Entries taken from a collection
- - -
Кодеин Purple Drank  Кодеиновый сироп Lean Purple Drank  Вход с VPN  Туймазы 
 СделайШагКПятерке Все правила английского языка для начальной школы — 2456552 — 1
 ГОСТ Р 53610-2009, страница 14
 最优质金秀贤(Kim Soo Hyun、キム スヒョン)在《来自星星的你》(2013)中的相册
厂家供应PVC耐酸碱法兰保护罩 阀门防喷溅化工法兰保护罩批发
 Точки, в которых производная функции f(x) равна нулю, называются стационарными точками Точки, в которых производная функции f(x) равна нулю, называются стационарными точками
- - -
Each line from the one containing "厂家供应PVC耐酸碱法兰保护罩 阀门防喷溅化工法兰保护罩批发" through the last line of the entries above is to be returned exactly, and no others.

## EXERCISE ANSWER
厂家供应PVC耐酸碱法兰保护罩 阀门防喷溅化工法兰保护罩批发
 Точки, в которых производная функции f(x) равна нулю, называются стационарными точками Точки, в которых производная функции f(x) равна нулю, называются стационарными точками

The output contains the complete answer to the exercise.